On the Mechanism and Dynamics of Modular Addition: Fourier Features, Lottery Ticket, and Grokking

TL;DR

This paper analyzes how two-layer neural networks learn modular addition, revealing the mechanisms of feature combination, phase symmetry, and frequency diversification, and explaining phenomena like grokking through a comprehensive theoretical framework.

Contribution

It provides a full mechanistic and theoretical explanation of feature learning, training dynamics, and generalization in neural networks solving modular addition, including the lottery ticket hypothesis and grokking.

Findings

Neurons learn Fourier features with phase alignment and frequency diversification.

Phase symmetry enables majority voting to cancel noise and identify correct sums.
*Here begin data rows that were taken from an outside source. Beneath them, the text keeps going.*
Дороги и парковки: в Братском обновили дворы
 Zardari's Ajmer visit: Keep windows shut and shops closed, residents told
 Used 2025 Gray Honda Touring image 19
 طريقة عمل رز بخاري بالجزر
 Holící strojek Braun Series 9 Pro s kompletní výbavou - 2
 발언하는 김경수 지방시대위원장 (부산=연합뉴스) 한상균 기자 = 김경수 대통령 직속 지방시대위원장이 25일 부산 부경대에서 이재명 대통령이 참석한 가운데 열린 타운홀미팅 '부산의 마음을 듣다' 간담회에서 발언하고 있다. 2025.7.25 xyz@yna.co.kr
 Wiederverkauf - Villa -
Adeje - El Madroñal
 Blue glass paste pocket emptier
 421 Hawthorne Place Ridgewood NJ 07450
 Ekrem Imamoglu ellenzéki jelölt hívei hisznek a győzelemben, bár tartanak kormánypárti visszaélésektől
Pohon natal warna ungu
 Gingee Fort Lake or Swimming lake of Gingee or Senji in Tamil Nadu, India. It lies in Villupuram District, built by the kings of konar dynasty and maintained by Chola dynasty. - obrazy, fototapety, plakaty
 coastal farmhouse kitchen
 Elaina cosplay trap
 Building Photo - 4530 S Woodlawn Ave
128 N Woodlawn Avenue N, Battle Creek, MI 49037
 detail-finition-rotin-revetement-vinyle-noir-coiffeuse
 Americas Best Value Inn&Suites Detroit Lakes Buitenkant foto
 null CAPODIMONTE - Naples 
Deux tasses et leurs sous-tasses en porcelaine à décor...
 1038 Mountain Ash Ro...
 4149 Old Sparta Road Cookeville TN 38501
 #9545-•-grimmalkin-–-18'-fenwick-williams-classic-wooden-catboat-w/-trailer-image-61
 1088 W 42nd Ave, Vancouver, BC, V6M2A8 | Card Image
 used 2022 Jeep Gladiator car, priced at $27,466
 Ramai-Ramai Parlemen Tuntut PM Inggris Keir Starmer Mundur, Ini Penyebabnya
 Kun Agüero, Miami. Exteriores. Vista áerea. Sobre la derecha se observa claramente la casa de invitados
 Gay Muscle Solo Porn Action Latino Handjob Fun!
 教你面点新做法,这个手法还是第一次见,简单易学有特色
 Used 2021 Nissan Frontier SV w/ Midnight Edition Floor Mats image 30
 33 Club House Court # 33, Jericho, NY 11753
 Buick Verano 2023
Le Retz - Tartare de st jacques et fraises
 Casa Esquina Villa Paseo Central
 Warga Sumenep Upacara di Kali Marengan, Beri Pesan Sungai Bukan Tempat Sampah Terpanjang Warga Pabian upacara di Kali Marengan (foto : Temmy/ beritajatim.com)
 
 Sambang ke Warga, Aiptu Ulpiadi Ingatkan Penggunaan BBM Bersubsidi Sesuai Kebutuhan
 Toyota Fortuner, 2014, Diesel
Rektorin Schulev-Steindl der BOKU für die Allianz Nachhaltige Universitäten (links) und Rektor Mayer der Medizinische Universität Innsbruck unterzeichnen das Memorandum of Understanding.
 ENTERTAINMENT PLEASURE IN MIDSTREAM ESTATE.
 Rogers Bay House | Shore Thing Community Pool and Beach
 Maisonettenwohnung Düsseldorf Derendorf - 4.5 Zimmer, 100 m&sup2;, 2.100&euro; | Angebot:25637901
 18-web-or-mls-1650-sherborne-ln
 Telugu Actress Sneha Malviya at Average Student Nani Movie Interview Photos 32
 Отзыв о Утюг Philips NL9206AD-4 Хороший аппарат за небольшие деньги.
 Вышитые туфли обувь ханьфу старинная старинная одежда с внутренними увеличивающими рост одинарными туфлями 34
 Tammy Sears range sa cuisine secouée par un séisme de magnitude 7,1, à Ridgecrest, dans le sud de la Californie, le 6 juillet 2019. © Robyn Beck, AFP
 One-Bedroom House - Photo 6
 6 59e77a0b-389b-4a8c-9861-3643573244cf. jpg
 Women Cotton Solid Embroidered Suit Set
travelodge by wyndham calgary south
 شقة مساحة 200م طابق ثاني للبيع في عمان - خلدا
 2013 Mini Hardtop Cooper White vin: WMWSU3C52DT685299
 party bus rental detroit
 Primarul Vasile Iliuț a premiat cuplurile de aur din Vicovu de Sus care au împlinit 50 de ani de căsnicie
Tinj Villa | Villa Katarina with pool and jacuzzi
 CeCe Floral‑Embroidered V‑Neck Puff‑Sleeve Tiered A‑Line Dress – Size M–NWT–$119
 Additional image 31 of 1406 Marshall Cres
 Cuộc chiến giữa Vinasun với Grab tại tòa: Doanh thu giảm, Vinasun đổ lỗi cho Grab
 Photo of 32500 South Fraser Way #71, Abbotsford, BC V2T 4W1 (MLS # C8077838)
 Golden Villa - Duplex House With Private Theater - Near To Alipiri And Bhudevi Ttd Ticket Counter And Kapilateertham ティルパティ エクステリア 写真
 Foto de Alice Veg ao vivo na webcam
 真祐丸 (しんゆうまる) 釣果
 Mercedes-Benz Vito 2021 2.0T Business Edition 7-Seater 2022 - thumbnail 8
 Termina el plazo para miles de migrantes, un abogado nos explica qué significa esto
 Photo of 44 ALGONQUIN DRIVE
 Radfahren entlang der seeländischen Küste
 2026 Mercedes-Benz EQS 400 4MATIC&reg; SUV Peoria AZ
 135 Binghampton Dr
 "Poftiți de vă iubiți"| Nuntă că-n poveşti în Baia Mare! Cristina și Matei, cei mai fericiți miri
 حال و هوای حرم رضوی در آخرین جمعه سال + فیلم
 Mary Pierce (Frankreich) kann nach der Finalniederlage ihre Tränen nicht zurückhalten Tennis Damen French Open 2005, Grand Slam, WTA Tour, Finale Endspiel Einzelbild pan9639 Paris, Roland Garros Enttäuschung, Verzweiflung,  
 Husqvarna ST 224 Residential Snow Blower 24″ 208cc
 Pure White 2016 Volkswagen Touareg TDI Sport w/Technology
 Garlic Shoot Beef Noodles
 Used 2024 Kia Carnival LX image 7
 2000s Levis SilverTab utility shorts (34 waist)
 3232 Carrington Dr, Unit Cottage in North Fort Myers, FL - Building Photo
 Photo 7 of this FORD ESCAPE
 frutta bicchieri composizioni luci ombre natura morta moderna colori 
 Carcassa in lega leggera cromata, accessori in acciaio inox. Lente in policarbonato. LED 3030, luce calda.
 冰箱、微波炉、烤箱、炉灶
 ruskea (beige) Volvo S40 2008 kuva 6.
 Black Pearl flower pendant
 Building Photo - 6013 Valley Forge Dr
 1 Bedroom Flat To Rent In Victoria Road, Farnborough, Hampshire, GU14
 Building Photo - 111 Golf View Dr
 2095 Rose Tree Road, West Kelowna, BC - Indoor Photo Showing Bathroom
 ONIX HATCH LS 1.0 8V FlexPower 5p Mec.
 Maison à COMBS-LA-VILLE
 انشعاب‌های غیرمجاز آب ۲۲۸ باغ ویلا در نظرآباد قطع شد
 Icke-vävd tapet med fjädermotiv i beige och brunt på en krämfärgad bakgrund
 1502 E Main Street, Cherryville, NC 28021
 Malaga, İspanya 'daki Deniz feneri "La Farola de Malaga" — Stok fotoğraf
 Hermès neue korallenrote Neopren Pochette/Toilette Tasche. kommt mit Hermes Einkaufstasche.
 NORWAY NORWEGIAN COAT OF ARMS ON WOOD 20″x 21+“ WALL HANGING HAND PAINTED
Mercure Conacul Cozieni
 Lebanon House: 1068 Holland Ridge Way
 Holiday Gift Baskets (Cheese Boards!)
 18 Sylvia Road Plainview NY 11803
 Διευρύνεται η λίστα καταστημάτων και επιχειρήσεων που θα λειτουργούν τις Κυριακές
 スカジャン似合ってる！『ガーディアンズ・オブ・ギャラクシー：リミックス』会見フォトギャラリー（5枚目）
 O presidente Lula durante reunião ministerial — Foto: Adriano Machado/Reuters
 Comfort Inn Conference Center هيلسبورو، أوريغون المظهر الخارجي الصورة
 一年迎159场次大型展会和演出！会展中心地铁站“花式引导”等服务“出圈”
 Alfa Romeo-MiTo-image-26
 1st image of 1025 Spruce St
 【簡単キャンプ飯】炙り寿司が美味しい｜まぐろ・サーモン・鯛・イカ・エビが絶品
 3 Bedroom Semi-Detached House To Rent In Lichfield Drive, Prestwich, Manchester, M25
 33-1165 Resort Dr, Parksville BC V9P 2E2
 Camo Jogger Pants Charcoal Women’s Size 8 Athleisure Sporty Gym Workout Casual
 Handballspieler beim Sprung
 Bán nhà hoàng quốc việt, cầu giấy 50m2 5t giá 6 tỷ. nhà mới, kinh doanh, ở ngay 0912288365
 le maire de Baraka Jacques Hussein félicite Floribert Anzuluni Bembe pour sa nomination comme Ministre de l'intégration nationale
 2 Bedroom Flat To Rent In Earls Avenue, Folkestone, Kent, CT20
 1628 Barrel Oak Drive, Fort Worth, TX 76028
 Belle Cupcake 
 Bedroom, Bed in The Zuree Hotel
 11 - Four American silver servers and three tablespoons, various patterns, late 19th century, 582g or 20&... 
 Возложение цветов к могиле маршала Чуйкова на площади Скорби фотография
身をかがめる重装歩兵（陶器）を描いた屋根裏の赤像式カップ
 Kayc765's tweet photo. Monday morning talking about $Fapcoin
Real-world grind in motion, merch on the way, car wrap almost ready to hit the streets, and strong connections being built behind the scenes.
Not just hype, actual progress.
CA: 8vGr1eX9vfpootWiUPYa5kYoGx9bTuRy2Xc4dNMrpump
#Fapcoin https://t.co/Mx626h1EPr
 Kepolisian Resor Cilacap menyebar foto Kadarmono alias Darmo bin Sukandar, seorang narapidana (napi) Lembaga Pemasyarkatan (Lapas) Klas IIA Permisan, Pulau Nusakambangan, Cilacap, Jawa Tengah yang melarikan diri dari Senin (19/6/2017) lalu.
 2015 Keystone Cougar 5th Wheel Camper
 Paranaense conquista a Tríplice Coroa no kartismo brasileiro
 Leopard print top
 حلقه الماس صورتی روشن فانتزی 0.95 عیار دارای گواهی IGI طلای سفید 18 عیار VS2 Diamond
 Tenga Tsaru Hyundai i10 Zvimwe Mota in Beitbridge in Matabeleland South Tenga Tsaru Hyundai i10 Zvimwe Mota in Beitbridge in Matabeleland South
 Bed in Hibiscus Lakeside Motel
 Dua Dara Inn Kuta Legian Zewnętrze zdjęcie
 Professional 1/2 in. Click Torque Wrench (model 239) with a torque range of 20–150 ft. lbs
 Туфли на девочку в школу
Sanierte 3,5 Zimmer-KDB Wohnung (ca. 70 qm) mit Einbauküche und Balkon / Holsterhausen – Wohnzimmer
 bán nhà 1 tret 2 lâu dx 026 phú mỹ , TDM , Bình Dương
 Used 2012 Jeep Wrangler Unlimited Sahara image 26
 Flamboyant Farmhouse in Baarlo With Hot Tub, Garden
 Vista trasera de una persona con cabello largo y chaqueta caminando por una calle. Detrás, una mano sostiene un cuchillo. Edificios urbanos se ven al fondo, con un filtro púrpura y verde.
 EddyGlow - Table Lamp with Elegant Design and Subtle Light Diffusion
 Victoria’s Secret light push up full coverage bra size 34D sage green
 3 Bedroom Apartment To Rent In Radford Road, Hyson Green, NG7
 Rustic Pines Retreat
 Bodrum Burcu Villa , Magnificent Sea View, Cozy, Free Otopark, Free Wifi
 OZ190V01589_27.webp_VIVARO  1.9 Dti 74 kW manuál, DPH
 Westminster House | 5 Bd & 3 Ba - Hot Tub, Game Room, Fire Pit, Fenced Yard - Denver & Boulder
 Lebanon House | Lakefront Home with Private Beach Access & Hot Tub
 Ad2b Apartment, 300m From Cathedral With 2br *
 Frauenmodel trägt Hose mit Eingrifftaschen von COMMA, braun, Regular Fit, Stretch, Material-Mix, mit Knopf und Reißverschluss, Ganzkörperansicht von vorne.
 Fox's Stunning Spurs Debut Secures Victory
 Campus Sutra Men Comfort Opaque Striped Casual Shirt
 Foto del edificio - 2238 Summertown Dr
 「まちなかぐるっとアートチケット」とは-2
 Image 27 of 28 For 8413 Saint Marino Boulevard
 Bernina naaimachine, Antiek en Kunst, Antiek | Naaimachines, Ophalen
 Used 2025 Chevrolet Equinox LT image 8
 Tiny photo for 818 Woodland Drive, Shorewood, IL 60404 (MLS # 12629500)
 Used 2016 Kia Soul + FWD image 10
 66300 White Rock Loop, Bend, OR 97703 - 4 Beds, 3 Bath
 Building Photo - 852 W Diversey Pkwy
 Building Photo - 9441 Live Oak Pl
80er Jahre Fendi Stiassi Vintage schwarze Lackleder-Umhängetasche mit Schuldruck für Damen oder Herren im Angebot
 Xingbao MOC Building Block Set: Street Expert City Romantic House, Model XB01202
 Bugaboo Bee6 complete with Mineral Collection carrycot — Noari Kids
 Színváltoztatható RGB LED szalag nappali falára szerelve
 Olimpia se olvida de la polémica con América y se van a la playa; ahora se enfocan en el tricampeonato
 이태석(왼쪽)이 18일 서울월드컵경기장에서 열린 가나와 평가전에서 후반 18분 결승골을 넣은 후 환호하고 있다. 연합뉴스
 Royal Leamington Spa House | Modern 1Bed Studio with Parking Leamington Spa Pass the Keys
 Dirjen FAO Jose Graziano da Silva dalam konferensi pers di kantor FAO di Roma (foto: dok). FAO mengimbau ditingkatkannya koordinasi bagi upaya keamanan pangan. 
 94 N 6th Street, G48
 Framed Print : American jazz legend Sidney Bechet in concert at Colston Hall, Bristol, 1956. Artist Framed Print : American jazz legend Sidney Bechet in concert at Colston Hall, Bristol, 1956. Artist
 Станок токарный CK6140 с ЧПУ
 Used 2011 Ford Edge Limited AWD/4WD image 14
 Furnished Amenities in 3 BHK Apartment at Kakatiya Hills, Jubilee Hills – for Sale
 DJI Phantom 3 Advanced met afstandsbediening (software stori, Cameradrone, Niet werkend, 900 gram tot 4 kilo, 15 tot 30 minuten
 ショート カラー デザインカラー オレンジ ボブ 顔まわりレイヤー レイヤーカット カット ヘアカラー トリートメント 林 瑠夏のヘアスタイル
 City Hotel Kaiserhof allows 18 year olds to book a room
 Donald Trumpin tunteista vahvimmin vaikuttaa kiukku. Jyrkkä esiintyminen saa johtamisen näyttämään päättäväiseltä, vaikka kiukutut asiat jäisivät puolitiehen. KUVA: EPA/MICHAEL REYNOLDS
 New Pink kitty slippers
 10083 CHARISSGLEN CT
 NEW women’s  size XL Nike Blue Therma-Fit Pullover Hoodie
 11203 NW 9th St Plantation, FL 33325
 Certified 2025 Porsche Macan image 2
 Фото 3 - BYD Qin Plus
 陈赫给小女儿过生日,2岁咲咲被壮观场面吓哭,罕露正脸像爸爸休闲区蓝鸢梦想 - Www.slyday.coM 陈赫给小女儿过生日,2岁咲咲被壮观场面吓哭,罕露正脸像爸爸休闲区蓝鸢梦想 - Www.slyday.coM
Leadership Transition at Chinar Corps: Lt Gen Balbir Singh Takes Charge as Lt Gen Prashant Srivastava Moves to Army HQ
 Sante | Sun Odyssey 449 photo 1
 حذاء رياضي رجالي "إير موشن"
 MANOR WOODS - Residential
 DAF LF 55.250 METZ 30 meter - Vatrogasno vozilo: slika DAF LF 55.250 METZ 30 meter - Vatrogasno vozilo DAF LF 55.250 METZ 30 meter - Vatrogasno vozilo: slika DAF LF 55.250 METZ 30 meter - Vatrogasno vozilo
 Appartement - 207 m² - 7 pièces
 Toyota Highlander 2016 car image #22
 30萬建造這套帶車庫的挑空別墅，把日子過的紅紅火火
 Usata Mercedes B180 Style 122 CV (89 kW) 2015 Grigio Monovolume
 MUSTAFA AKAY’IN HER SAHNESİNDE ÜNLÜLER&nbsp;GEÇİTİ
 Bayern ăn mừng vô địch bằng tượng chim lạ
Grokking is characterized as a three-stage process involving memorization and two generalization phases.

Abstract

We present a comprehensive analysis of how two-layer neural networks learn features to solve the modular addition task. Our work provides a full mechanistic interpretation of the learned model and a theoretical explanation of its training dynamics. While prior work has identified that individual neurons learn single-frequency Fourier features and phase alignment, it does not fully explain how these features combine into a global solution. We bridge this gap by formalizing a diversification condition that emerges during training when overparametrized, consisting of two parts: phase symmetry and frequency diversification. We prove that these properties allow the network to collectively approximate a flawed indicator function on the correct logic for the modular addition task. While individual neurons produce noisy signals, the phase symmetry enables a majority-voting scheme that cancels out noise, allowing the network to robustly identify the correct sum. Furthermore, we explain the emergence of these features under random initialization via a lottery ticket mechanism. Our gradient flow analysis proves that frequencies compete within each neuron, with the "winner" determined by its initial spectral magnitude and phase alignment. From a technical standpoint, we provide a rigorous characterization of the layer-wise phase coupling dynamics and formalize the competitive landscape using the ODE comparison lemma. Finally, we use these insights to demystify grokking, characterizing it as a three-stage process involving memorization followed by two generalization phases, driven by the competition between loss minimization and weight decay.